Podcasts allow cultural organizations to have a captive audience outside of the walls of their institutions. They can delve into a backstory of an object, explore a particular collection, or spark dialogue about a current event/topic. Moreover, the creative outlet is flexible in that museums can produce one season or multiple; they can create a new episode weekly or just seasonally. While museums using audio is not novel, the ability for potential visitors to access free and entertaining content that either informs or allows them to join a group of likeminded people is.
Some audio programs offer a more behind the scenes perspective with a talk show or narrative approach. In Hethmon’s Museums in Strange Places podcast, listeners around the globe discover the stories, challenges, and triumphs facing museum professionals in particular countries or states. Museum Confidential, produced by the Philbrook Museum, is another investigative podcast the delves into artists or object histories, as well as conducts timely interviews with individuals working in the field. If this type of insightful content interests you, other podcasts to listen to also include Museopunks, Museum Archipelago, or the Museum People Podcast.

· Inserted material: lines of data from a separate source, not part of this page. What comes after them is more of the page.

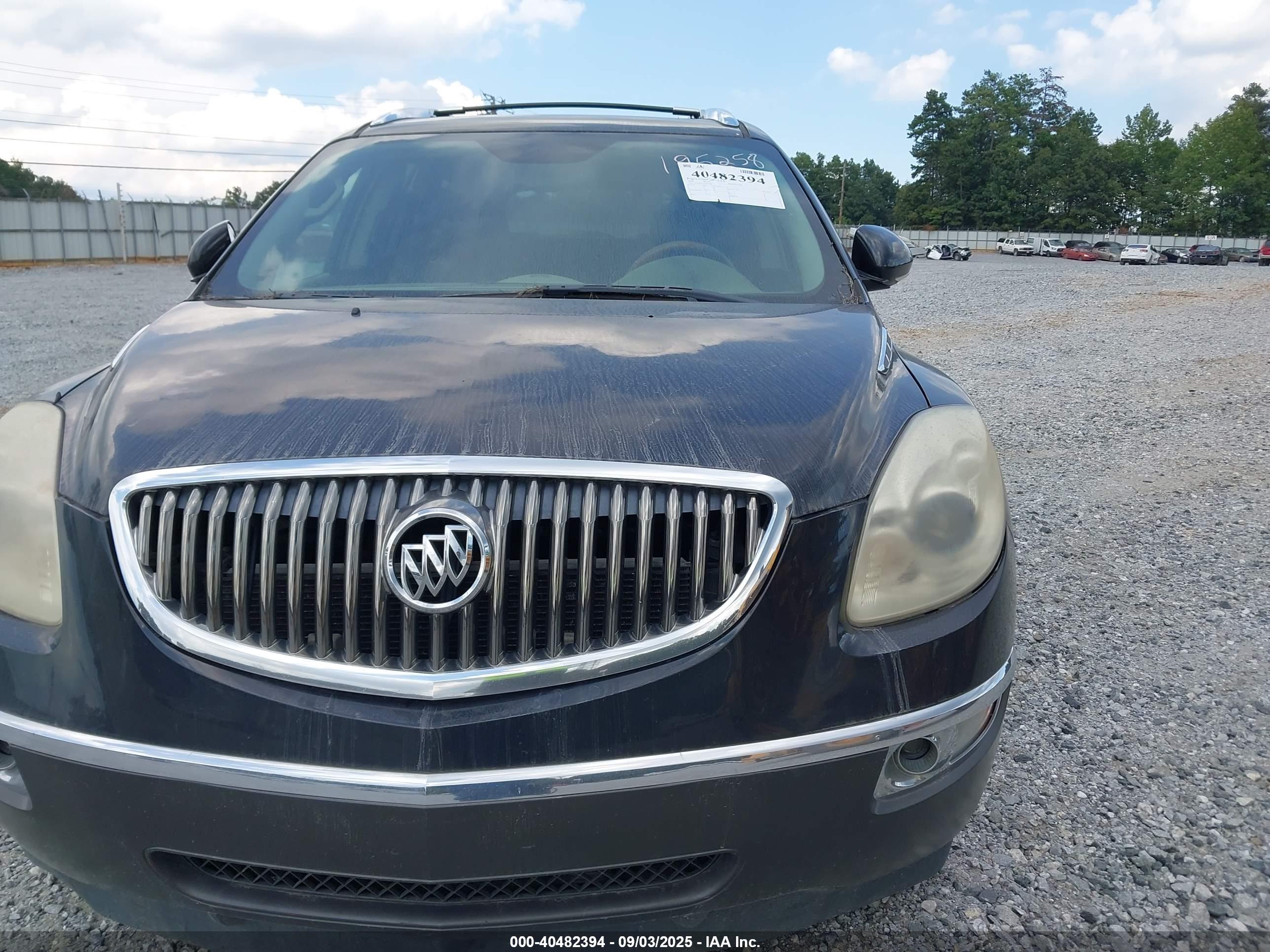 BUICK ENCLAVE image 6
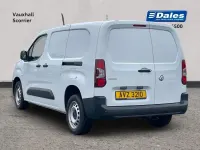 Used Vauxhall Combo 128 HP (94 kW) 2022 White MPV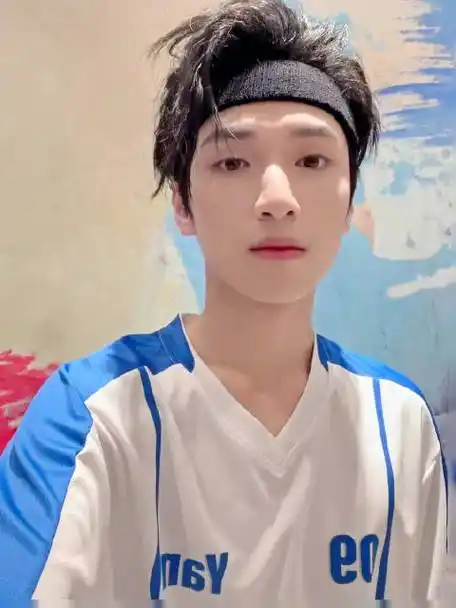 硬帅#严浩翔 顶级门面#    不知名小熊母亲的微博视频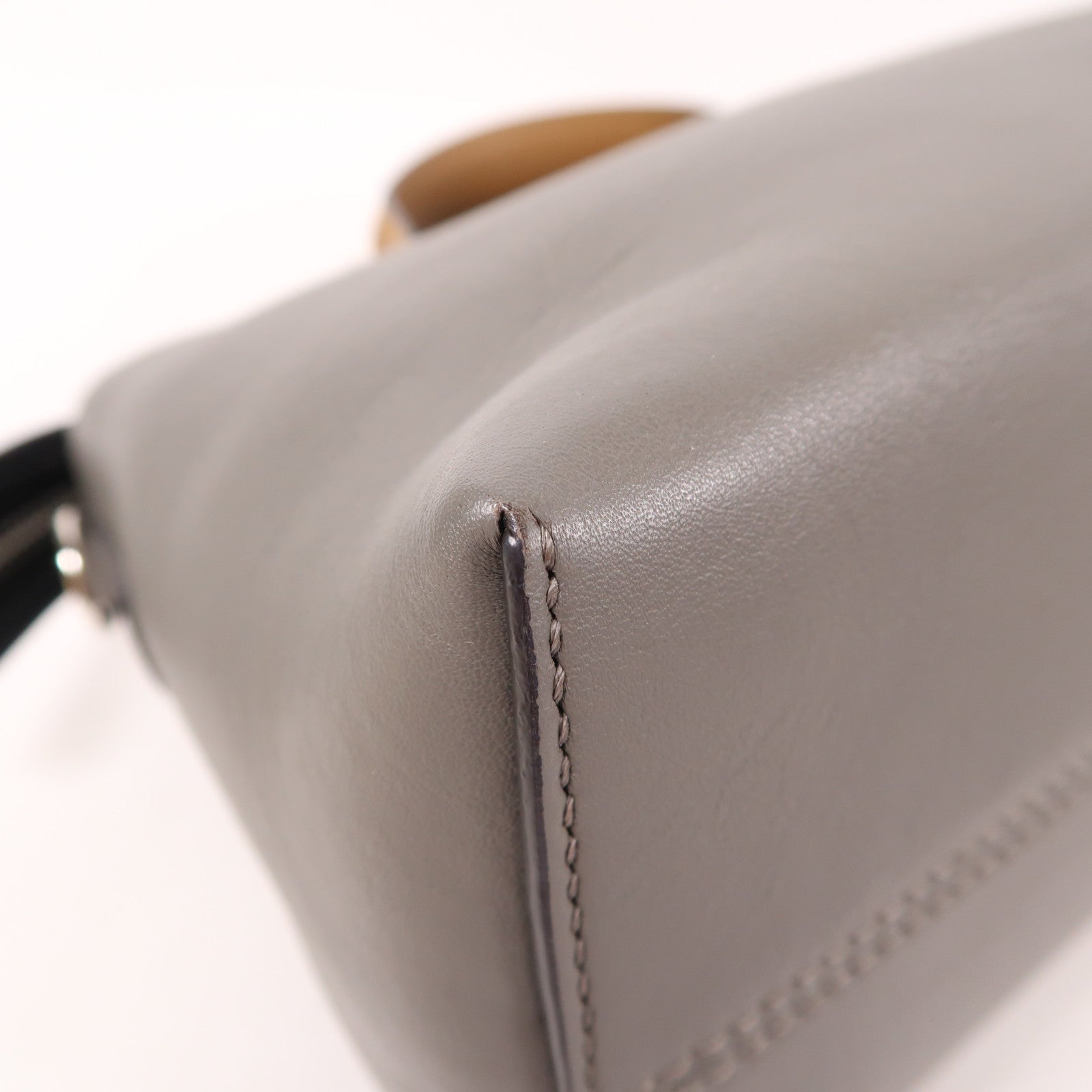 FENDI 牛皮皮革By The Way銀扣肩背袋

Certain podcasts have a more out-of-the-box approach to storytelling, whether through first-person perspective or artist collaborations. The United States Holocaust Memorial Museum created podcasts that tell the history of the holocaust from survivor interviews through their First Person program. Rather than create a complete podcast from scratch, The Metropolitan Museum’s collaboration with Nate DiMeo’s The Memory Palace podcast proved to be successful and continues to be popular. In 2017, he participated in one of the artists in residence programs in which he simultaneously took a close look at their American Wing collection and offered unique soundscapes for each episode.
Museums face the challenge of creating content that is genuine and that proves art can enhance lives. While podcasts have gained popularity for over a decade, there is still an opportunity for cultural organizations to grow and prosper by using this dynamic avenue. If you are looking to start a podcast for a cultural institution or learning more to launch your own, consider reading Every Museum Needs a Podcast by Hannah Hethmon. In the book, the author delves into all the information one might need to get started. Hethmon also includes a list of equipment required to get started as well as some worksheets to help you think through your podcast idea or the concept for your institution.